* About this task:
Write out, word for word, the first line of the data below and every line after it through the one containing "PenguinChangas Minecraft Skin".

Records from a collection
▼
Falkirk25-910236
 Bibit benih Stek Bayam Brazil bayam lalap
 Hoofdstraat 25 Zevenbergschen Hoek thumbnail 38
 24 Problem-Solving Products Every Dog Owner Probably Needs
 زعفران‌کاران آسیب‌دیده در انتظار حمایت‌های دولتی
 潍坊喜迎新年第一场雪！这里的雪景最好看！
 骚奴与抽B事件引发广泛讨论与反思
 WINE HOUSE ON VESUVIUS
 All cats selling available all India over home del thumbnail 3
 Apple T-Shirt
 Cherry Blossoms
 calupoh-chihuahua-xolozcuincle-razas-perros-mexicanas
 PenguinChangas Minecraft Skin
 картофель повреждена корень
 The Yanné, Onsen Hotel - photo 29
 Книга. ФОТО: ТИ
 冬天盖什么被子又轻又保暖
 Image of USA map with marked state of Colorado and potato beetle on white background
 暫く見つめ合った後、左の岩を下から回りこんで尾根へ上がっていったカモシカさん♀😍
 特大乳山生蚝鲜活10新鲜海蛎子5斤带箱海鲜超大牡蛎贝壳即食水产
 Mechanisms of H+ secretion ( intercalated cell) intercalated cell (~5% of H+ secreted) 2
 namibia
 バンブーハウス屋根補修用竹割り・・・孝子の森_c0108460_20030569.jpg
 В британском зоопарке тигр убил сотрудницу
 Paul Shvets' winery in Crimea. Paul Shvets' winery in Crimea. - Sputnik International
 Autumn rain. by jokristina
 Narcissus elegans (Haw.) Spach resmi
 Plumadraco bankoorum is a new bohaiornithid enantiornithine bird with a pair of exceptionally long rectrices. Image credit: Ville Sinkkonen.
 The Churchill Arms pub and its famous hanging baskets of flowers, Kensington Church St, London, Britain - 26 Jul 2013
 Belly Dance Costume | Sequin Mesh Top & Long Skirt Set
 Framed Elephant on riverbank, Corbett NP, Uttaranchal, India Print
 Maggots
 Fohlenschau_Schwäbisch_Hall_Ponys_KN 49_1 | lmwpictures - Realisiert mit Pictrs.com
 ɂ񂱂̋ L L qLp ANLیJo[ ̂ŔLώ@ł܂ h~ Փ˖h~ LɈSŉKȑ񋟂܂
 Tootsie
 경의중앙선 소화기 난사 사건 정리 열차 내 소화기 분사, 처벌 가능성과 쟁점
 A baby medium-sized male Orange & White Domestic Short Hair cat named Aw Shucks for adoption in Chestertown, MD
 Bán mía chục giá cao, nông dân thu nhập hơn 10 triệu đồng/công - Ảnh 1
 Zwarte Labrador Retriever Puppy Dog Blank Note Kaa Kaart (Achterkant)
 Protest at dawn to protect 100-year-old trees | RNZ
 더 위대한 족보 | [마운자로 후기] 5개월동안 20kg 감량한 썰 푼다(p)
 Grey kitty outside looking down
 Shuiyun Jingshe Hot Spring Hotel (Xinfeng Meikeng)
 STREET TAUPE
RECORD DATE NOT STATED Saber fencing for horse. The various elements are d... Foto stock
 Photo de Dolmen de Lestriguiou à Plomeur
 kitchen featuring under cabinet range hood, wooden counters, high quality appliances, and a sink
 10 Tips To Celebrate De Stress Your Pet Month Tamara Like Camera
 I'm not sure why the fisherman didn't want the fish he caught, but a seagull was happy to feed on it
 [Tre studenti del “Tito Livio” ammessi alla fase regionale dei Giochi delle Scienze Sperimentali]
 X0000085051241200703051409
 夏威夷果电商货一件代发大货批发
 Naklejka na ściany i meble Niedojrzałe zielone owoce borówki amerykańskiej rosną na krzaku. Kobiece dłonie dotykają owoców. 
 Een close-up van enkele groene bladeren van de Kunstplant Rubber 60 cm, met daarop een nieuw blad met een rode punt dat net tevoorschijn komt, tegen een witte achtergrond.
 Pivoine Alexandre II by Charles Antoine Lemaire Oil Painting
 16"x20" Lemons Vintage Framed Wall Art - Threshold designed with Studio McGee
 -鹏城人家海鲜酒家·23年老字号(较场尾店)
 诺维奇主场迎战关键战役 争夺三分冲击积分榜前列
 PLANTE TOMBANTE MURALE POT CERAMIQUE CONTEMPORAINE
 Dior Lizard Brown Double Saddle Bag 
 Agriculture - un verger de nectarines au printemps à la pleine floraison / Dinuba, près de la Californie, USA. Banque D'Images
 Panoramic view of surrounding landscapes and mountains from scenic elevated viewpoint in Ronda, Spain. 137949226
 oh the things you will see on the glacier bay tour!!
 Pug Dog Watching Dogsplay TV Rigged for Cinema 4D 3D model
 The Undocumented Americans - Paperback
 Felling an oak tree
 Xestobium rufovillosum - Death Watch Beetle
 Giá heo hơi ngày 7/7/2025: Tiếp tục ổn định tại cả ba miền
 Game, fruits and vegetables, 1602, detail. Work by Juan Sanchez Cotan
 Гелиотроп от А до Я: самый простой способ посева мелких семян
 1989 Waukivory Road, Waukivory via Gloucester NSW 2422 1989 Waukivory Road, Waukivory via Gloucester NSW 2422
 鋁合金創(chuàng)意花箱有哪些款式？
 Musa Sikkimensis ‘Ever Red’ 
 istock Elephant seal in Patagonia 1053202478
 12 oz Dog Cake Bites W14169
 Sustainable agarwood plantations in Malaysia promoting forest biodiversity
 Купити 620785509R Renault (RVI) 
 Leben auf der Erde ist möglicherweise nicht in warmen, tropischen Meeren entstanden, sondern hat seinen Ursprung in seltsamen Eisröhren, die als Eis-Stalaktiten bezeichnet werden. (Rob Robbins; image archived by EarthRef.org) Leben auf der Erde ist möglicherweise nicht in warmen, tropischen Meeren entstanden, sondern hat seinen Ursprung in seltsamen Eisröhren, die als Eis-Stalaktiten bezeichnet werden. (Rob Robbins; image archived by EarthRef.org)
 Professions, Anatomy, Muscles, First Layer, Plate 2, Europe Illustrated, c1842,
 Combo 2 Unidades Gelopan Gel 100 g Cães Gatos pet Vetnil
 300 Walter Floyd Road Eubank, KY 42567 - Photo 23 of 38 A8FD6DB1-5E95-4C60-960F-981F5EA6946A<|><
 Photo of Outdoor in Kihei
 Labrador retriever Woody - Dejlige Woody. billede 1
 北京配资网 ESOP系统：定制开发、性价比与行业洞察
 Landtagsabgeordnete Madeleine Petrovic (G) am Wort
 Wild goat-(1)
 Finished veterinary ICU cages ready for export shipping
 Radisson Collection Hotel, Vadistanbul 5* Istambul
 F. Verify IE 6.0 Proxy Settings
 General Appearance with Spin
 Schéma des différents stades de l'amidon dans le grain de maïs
▲
* Reply to the exercise:
Falkirk25-910236
 Bibit benih Stek Bayam Brazil bayam lalap
 Hoofdstraat 25 Zevenbergschen Hoek thumbnail 38
 24 Problem-Solving Products Every Dog Owner Probably Needs
 زعفران‌کاران آسیب‌دیده در انتظار حمایت‌های دولتی
 潍坊喜迎新年第一场雪！这里的雪景最好看！
 骚奴与抽B事件引发广泛讨论与反思
 WINE HOUSE ON VESUVIUS
 All cats selling available all India over home del thumbnail 3
 Apple T-Shirt
 Cherry Blossoms
 calupoh-chihuahua-xolozcuincle-razas-perros-mexicanas
 PenguinChangas Minecraft Skin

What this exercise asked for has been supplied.